**THE PROBLEM**:
Below are entries; repeat exactly, and nothing else, the lines from the one holding "Brown sugar shortbread" through the one holding "Dramatic Waterspout Over", inclusive. Leave the pictures out.

**TASK INPUTS**:

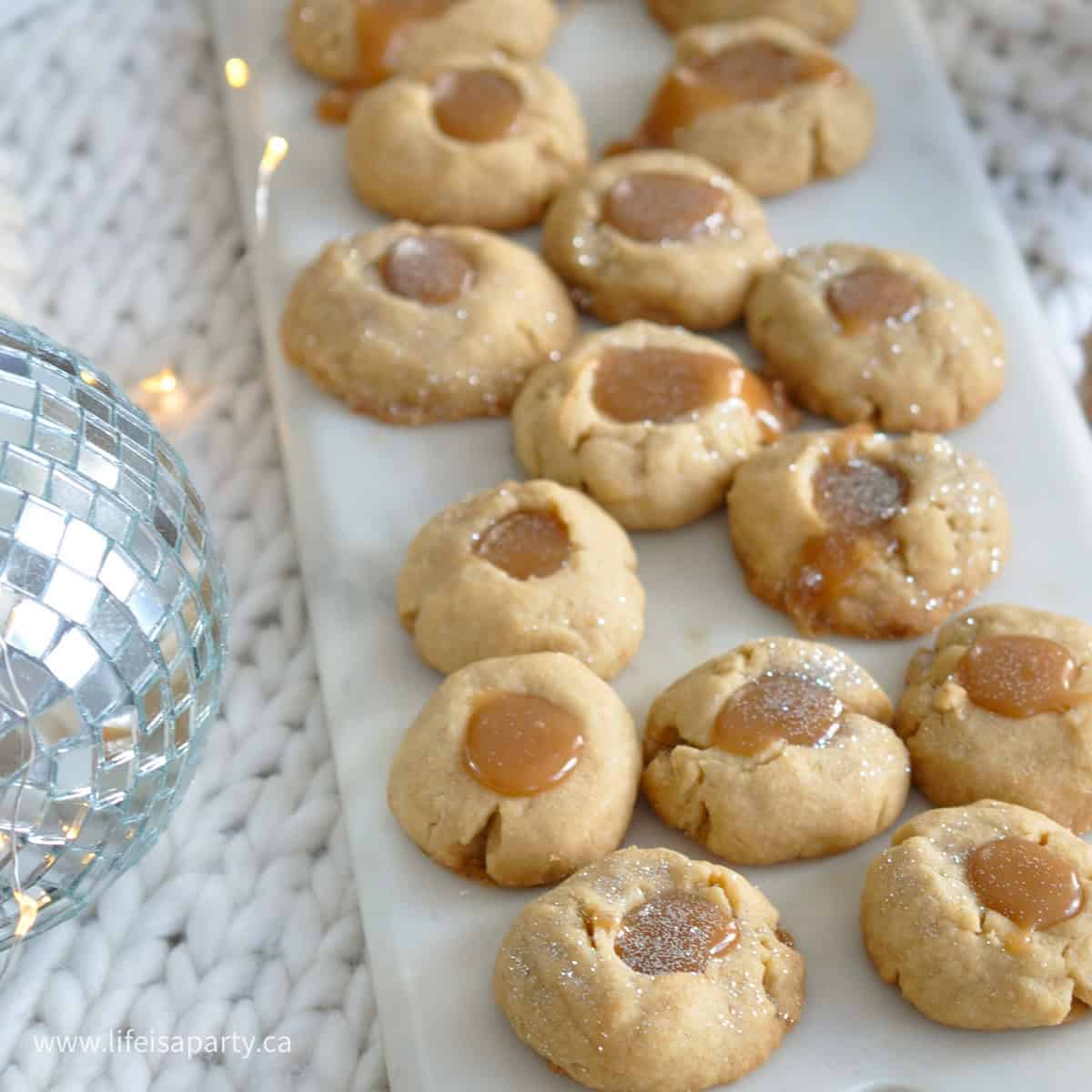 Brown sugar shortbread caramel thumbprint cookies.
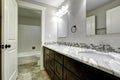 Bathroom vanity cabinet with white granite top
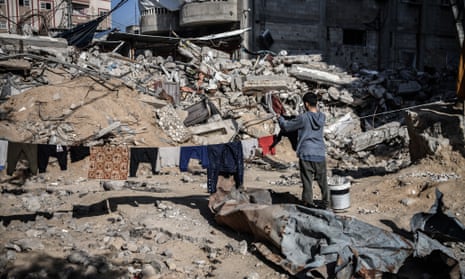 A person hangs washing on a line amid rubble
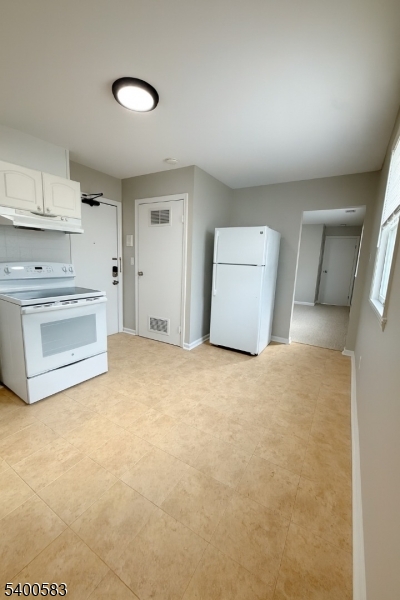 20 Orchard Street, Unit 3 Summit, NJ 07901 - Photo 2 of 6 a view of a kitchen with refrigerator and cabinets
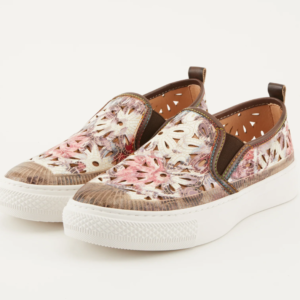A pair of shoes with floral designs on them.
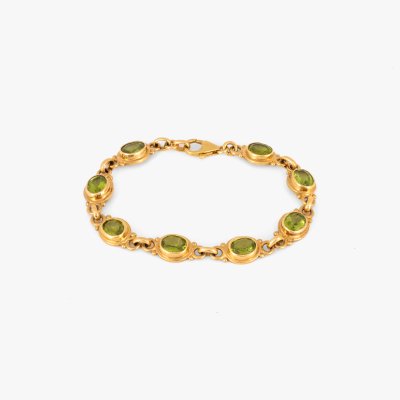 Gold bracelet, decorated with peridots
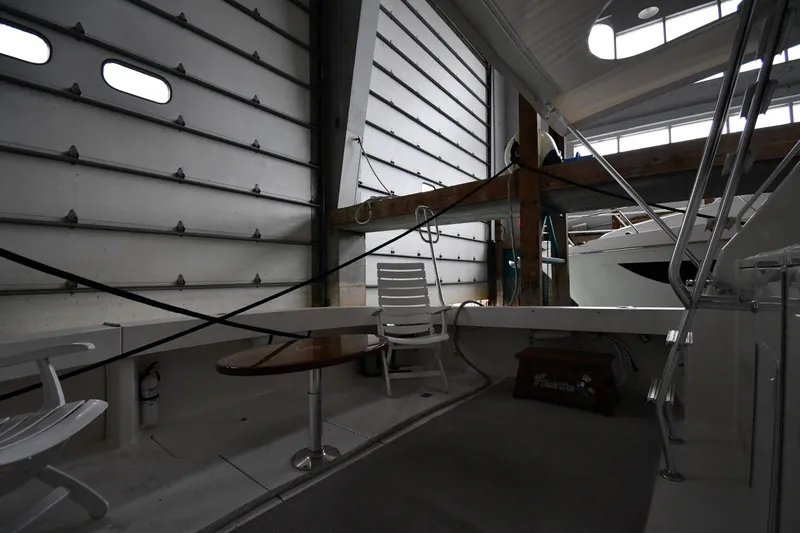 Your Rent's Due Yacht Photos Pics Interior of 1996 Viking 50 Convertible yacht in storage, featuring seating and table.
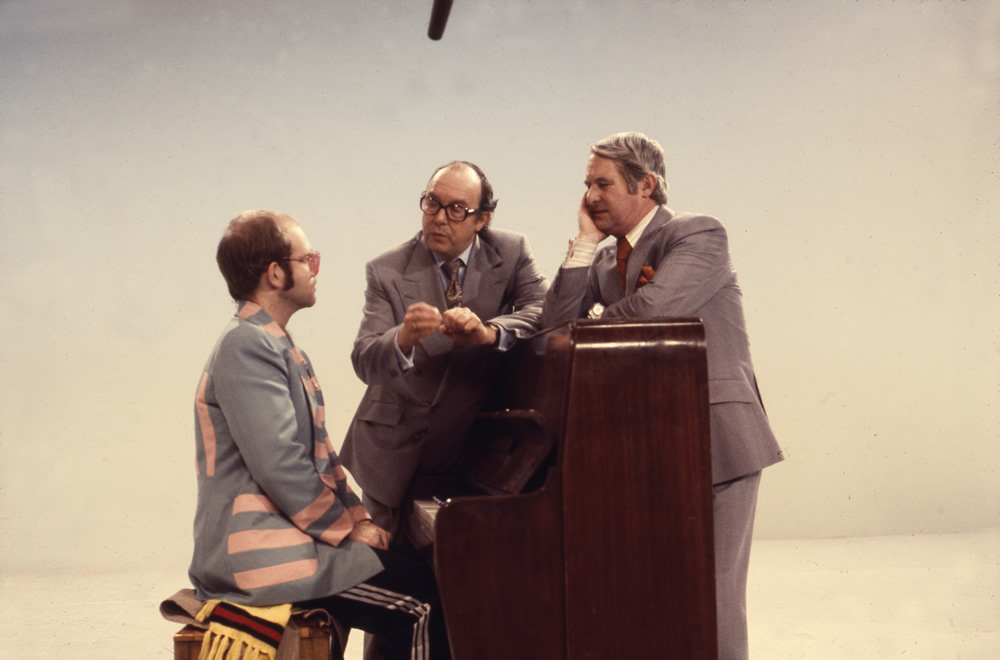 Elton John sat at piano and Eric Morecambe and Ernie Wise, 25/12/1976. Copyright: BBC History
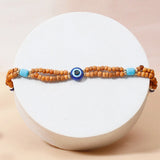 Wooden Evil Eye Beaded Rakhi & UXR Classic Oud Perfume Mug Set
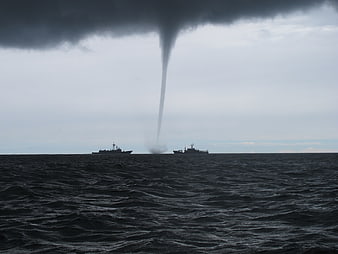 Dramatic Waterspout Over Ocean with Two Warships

==

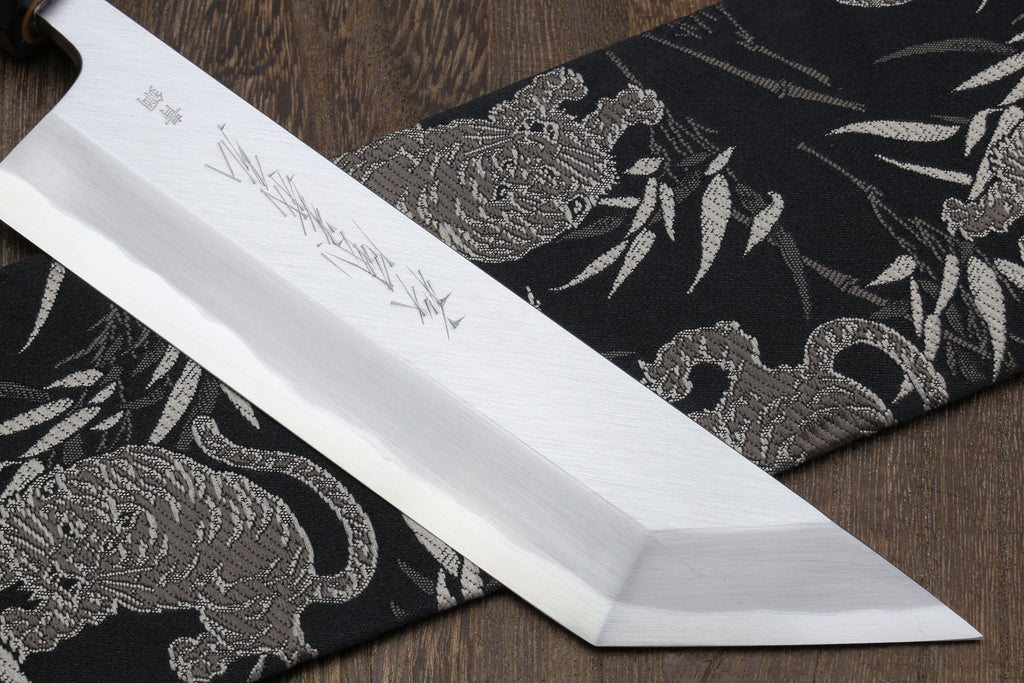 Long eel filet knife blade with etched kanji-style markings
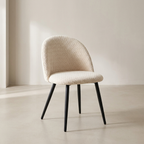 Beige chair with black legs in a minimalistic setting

**ANSWER SPACE**:
 Brown sugar shortbread caramel thumbprint cookies.
 Bathroom vanity cabinet with white granite top
 A person hangs washing on a line amid rubble
 20 Orchard Street, Unit 3 Summit, NJ 07901 - Photo 2 of 6 a view of a kitchen with refrigerator and cabinets
A pair of shoes with floral designs on them.
 Gold bracelet, decorated with peridots
 Your Rent's Due Yacht Photos Pics Interior of 1996 Viking 50 Convertible yacht in storage, featuring seating and table.
 Elton John sat at piano and Eric Morecambe and Ernie Wise, 25/12/1976. Copyright: BBC History
 Wooden Evil Eye Beaded Rakhi & UXR Classic Oud Perfume Mug Set
 Dramatic Waterspout Over Ocean with Two Warships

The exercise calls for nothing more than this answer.